EXERCISE OBJECTIVE:
Look below for the line holding "Jordan 4 yellow thunder" and the line holding "待售: $132,900 (1 贝兹, 1 浴室, 780 平方英尺)". Repeat those two and everything between, exactly.

SOURCE DATA:
::::::::::

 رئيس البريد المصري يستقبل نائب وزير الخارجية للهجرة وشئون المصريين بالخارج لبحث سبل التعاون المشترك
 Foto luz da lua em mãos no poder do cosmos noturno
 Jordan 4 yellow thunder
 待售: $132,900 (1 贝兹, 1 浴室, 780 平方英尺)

::::::::::

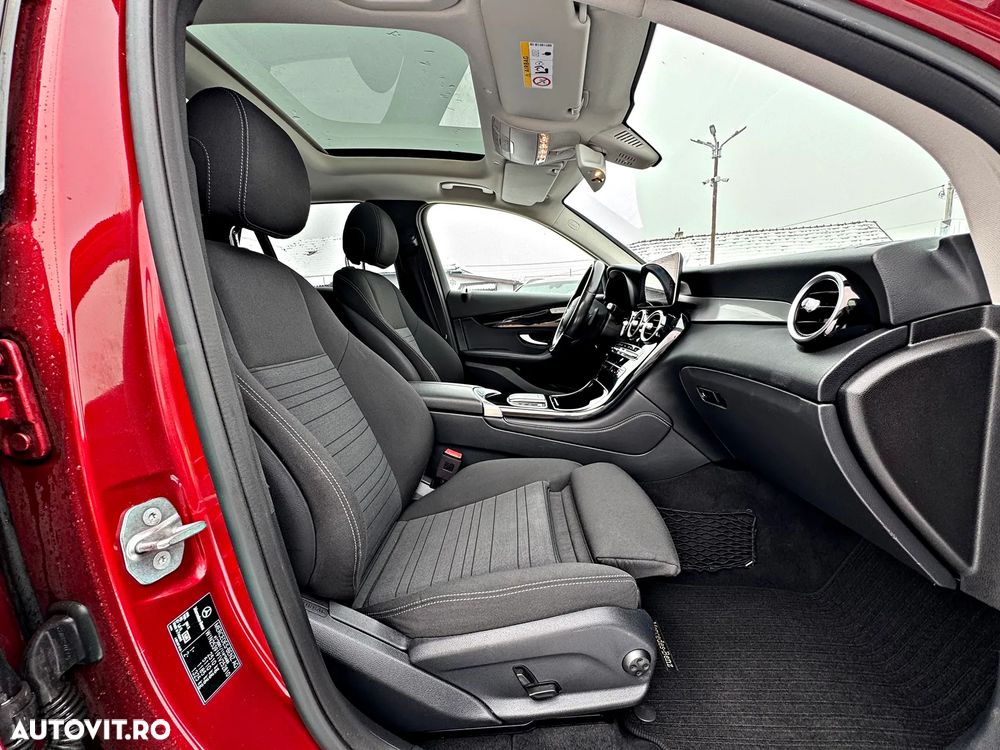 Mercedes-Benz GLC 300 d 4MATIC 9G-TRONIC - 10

::::::::::

ANSWER:
 Jordan 4 yellow thunder
 待售: $132,900 (1 贝兹, 1 浴室, 780 平方英尺)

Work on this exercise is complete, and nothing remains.